» Task prompt
All records need to be reproduced exactly. Keep every word as it is.

(Stored entries)
□ □ □ □
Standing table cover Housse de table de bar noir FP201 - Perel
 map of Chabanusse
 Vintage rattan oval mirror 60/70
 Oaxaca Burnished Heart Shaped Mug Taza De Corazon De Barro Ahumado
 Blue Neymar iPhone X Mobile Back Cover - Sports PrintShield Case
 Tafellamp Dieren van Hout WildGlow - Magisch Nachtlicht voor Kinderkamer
□ □ □ □
» Solution below
Standing table cover Housse de table de bar noir FP201 - Perel
 map of Chabanusse
 Vintage rattan oval mirror 60/70
 Oaxaca Burnished Heart Shaped Mug Taza De Corazon De Barro Ahumado
 Blue Neymar iPhone X Mobile Back Cover - Sports PrintShield Case
 Tafellamp Dieren van Hout WildGlow - Magisch Nachtlicht voor Kinderkamer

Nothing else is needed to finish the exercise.